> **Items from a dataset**
**********
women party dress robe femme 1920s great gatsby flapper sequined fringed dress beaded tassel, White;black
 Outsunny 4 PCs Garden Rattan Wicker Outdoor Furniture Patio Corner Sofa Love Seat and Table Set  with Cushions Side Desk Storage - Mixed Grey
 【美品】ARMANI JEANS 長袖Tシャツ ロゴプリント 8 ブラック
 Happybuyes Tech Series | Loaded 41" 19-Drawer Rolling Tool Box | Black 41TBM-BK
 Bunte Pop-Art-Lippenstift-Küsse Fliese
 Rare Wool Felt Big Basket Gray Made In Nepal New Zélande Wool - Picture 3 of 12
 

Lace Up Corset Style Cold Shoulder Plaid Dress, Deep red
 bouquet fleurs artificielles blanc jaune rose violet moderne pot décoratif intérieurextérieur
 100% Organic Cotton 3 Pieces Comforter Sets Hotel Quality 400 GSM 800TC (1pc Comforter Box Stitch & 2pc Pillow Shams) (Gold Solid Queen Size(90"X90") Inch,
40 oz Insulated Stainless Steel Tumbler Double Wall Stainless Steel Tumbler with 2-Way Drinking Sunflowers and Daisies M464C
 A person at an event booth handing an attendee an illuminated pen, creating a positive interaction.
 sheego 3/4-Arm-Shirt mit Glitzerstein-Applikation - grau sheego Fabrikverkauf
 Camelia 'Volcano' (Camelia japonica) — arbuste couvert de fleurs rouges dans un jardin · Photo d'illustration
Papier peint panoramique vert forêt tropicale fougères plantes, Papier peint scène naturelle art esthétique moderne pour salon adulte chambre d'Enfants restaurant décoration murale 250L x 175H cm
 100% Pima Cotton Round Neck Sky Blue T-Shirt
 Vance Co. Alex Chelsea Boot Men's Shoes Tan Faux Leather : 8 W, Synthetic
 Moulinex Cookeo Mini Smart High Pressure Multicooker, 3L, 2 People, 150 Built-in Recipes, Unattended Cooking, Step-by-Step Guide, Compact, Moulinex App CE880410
**********
> **What the task asks**
Until the last line is reached, keep transcribing the data exactly.

> **Output for this exercise**
women party dress robe femme 1920s great gatsby flapper sequined fringed dress beaded tassel, White;black
 Outsunny 4 PCs Garden Rattan Wicker Outdoor Furniture Patio Corner Sofa Love Seat and Table Set  with Cushions Side Desk Storage - Mixed Grey
 【美品】ARMANI JEANS 長袖Tシャツ ロゴプリント 8 ブラック
 Happybuyes Tech Series | Loaded 41" 19-Drawer Rolling Tool Box | Black 41TBM-BK
 Bunte Pop-Art-Lippenstift-Küsse Fliese
 Rare Wool Felt Big Basket Gray Made In Nepal New Zélande Wool - Picture 3 of 12
 

Lace Up Corset Style Cold Shoulder Plaid Dress, Deep red
 bouquet fleurs artificielles blanc jaune rose violet moderne pot décoratif intérieurextérieur
 100% Organic Cotton 3 Pieces Comforter Sets Hotel Quality 400 GSM 800TC (1pc Comforter Box Stitch & 2pc Pillow Shams) (Gold Solid Queen Size(90"X90") Inch,
40 oz Insulated Stainless Steel Tumbler Double Wall Stainless Steel Tumbler with 2-Way Drinking Sunflowers and Daisies M464C
 A person at an event booth handing an attendee an illuminated pen, creating a positive interaction.
 sheego 3/4-Arm-Shirt mit Glitzerstein-Applikation - grau sheego Fabrikverkauf
 Camelia 'Volcano' (Camelia japonica) — arbuste couvert de fleurs rouges dans un jardin · Photo d'illustration
Papier peint panoramique vert forêt tropicale fougères plantes, Papier peint scène naturelle art esthétique moderne pour salon adulte chambre d'Enfants restaurant décoration murale 250L x 175H cm
 100% Pima Cotton Round Neck Sky Blue T-Shirt
 Vance Co. Alex Chelsea Boot Men's Shoes Tan Faux Leather : 8 W, Synthetic
 Moulinex Cookeo Mini Smart High Pressure Multicooker, 3L, 2 People, 150 Built-in Recipes, Unattended Cooking, Step-by-Step Guide, Compact, Moulinex App CE880410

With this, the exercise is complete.